Selbstverständlich ist es auch nicht nachteilig, von Integralrechnungen
keine Ahnung zu haben. Dieses vom Engländer Isaac Newton und dem
Deutschen Gottfried Wilhelm Leibniz unabhängig voneinander entwickelte
geniale mathematische Verfahren erlaubt es, eine Figur in unendlich
kleine Stücke zu teilen, die dann unendlich oft aufsummiert werden.

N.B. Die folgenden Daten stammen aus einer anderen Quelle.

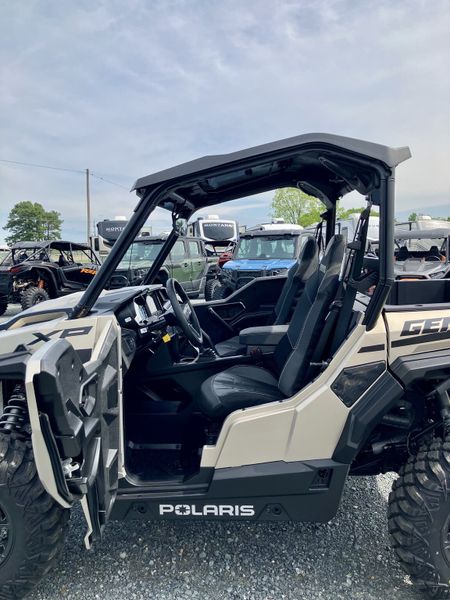 2024 Polaris GENERAL XP 1000 UltimateImage 9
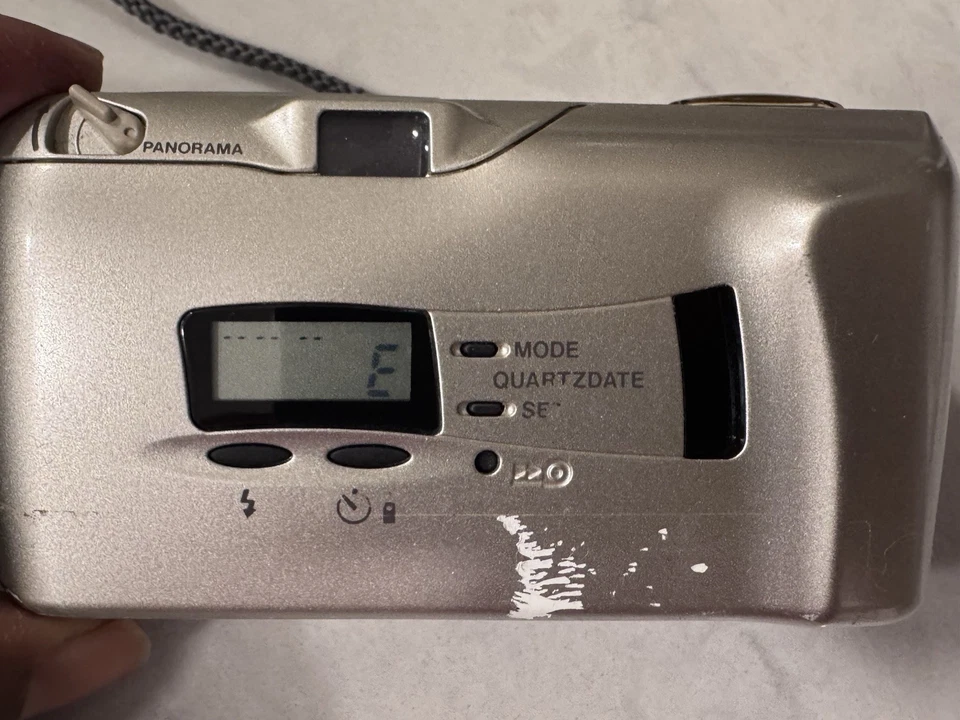 Câmera Olympus Stylus Epic DLX / Mju II 35mm Dourada - TESTADO FUNCIONANDO - Imagem 4 de 4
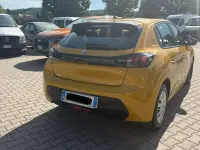 Usata Peugeot 208 Active 75 CV (55 kW) 2023 Giallo Utilitaria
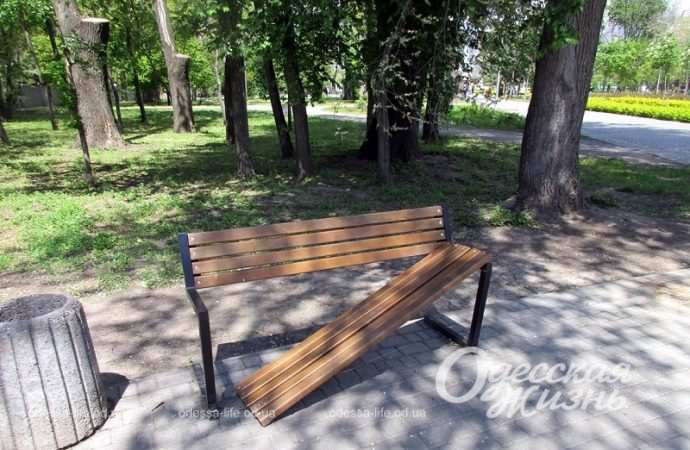 В одесском Преображенском парке ломают скамейки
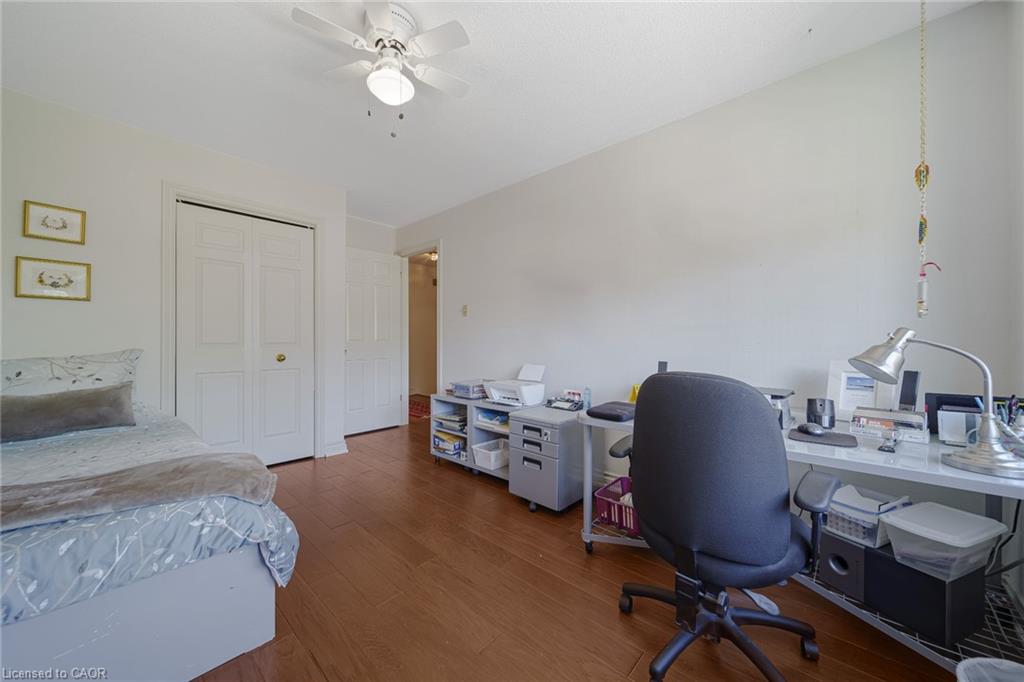 25-30 Osler Drive Property Photo 35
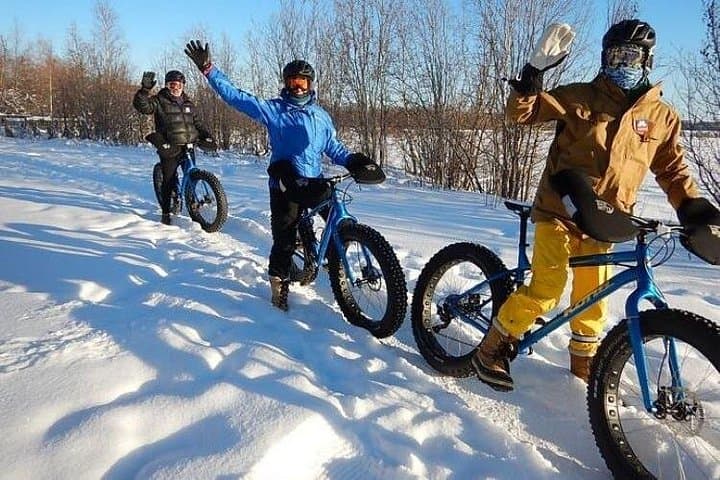 Yellowknife Winter Fat Bike Tour Along Great Slave Lake photo 4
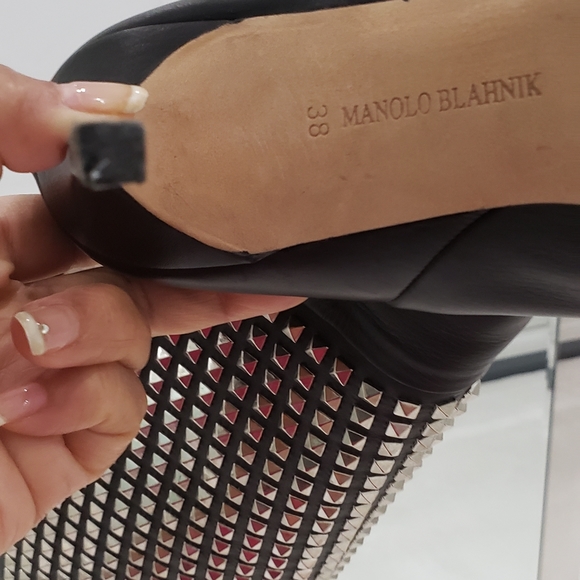 MANOLO BLAHNIK BOOTS. - Picture 4 of 5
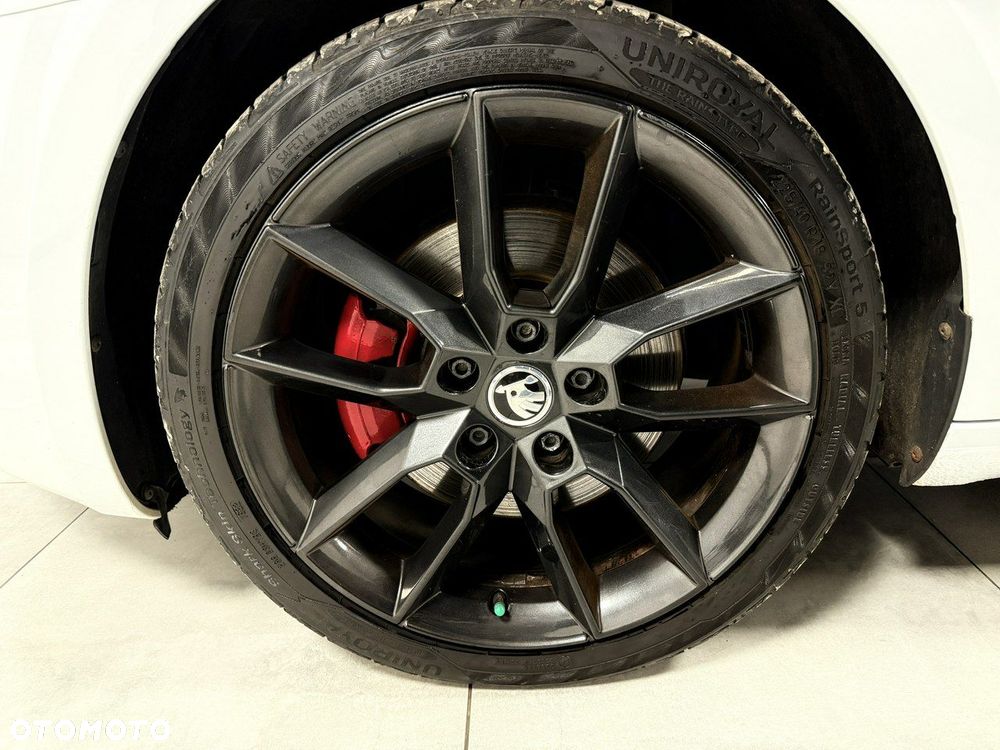 Skoda Octavia 2.0 TDI RS Challenge DSG - 12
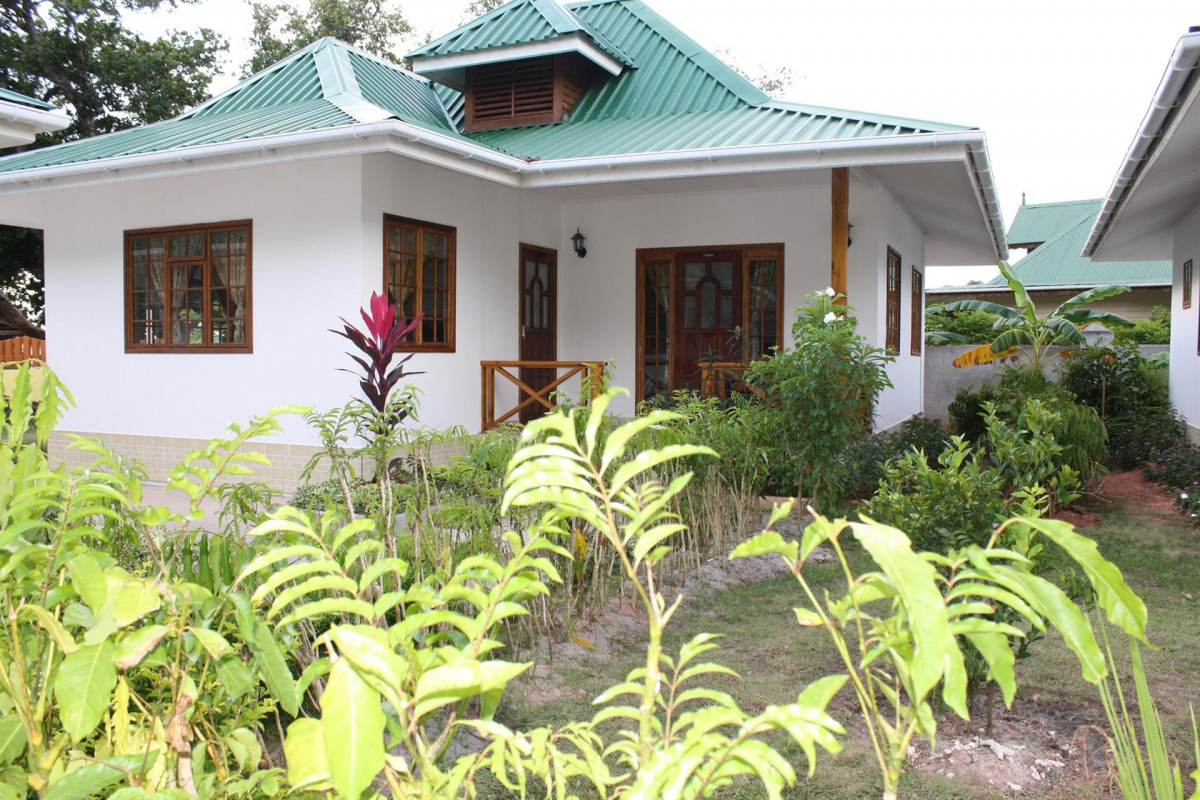 Le Surmer Self Catering Chalets 3* миниатюра 3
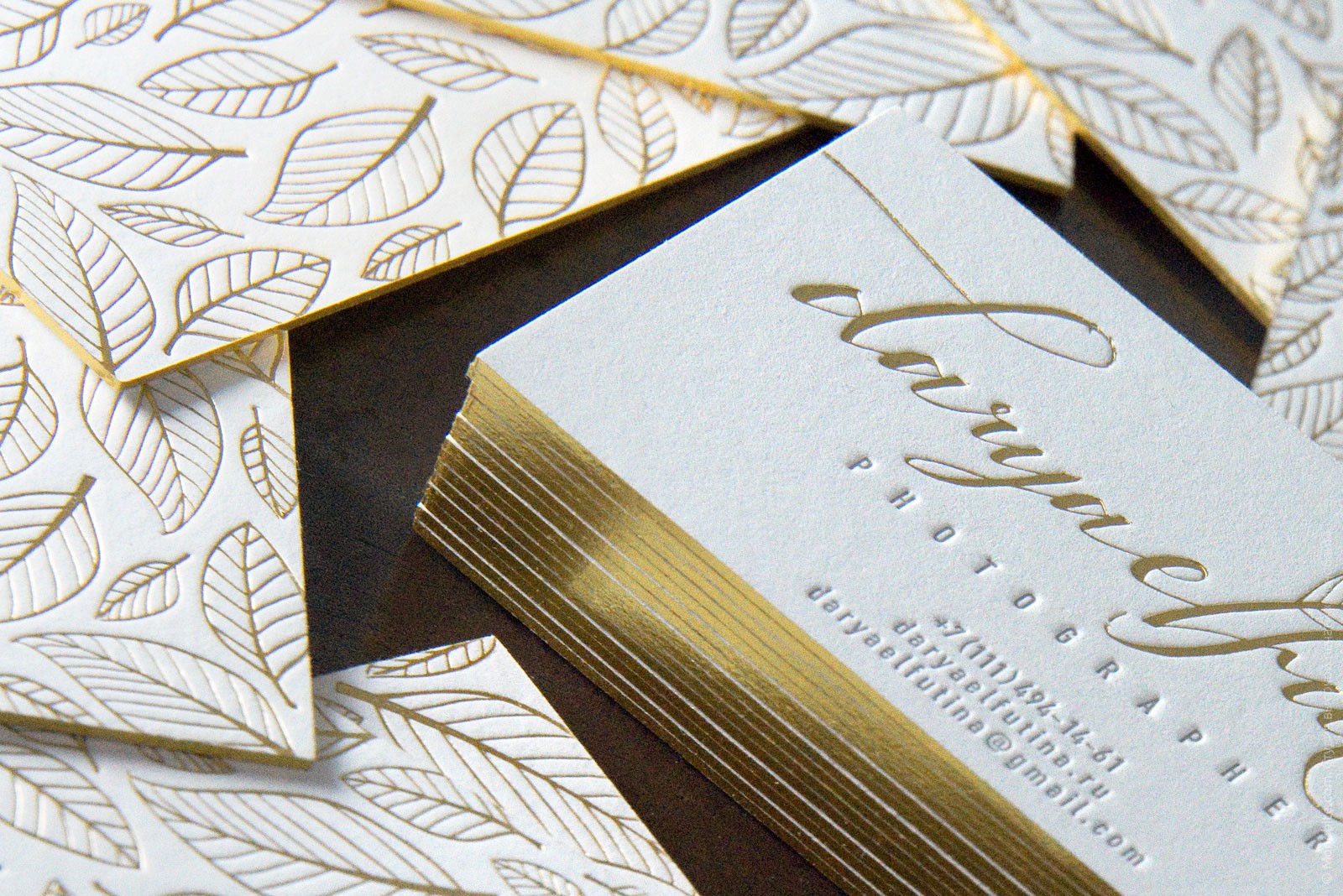 Визитки на дизайнерской бумаге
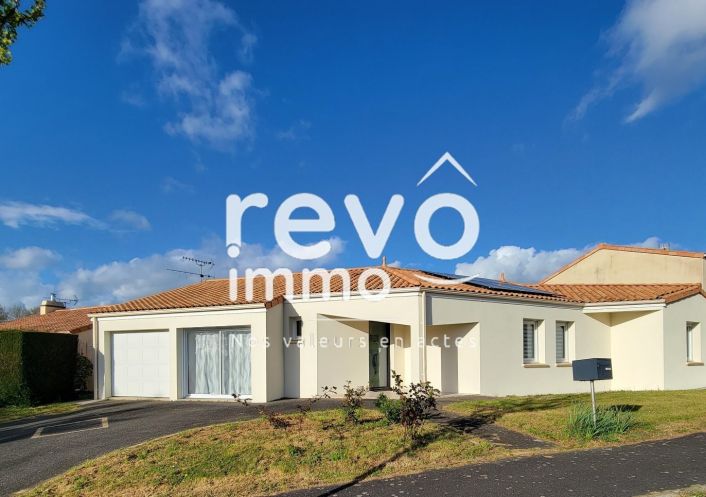 à vendre Maison individuelle Saint Pierre Montlimart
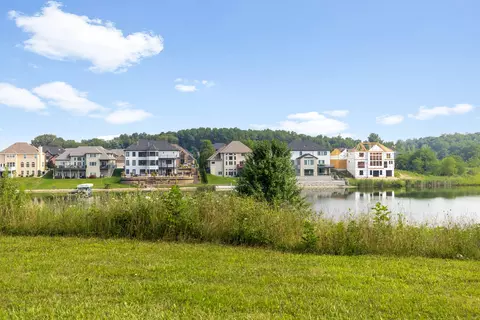 8312 Doubletree Dr, Crown Point, IN 46307 photo 3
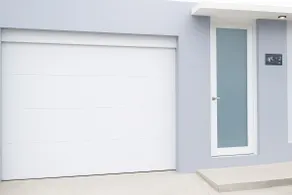 Modern, Patio & Free Garage 15 Min Airport & Beach - Image 3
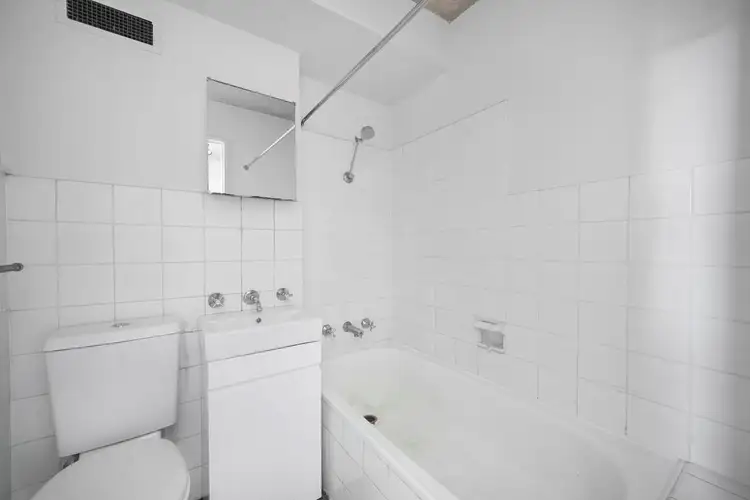Fourth view of Homely unit listing, 4B/85 Elizabeth Bay Road, Elizabeth Bay NSW 2011
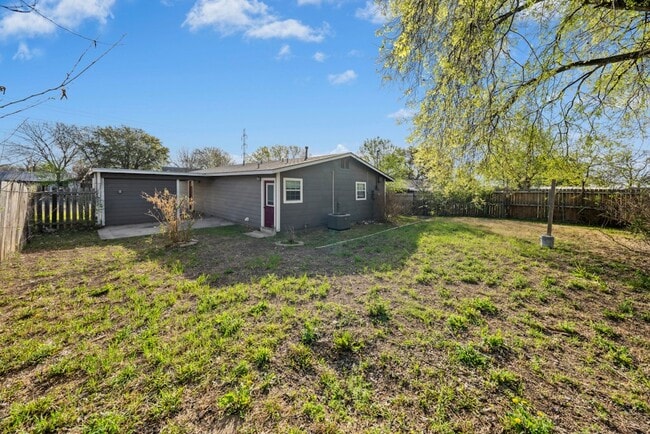 Building Photo - 915 Stonegate Dr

Erst mit Hilfe dieser Methode war es möglich geworden, allerlei
Kurven und geometrischen Körpern zuleibe zu rücken. Unendlich
kleine Teile werden unendlich aufsummiert – ein Verfahren, das
nicht nur mathematisch, sondern auch philosophisch eine gewisse Faszination
besitzt.
Etwas nicht zu wissen, ist noch keine Schande. Ein Nichtwissen oder
Nichtverstehen an die große Glocke zu hängen, um gleichzeitig
zu verkünden, dass es sich hier um nutzloses Wissen handelt, das
nicht in die Schulen gehört, ist nicht nur eine Schande, es ist
geradezu ein Frevel.
In einer österreichischen Tageszeitung hat ein „Bildungsexperte“
und Personalberater (neudeutsch „Headhunter“) kürzlich
gemeint, dass Bildungsinhalte hinterfragt werden müssen. Wörtlich
hieß es da: „Ich konnte meinen Kindern nie erklären,
warum sie diese Mathematik, etwa Integralrechnung, lernen sollen. Wir
brauchen Praxisnähe, aus dem Leben gegriffene Beispiele.“
Schon die Formulierung „diese Mathematik“ ist entlarvend.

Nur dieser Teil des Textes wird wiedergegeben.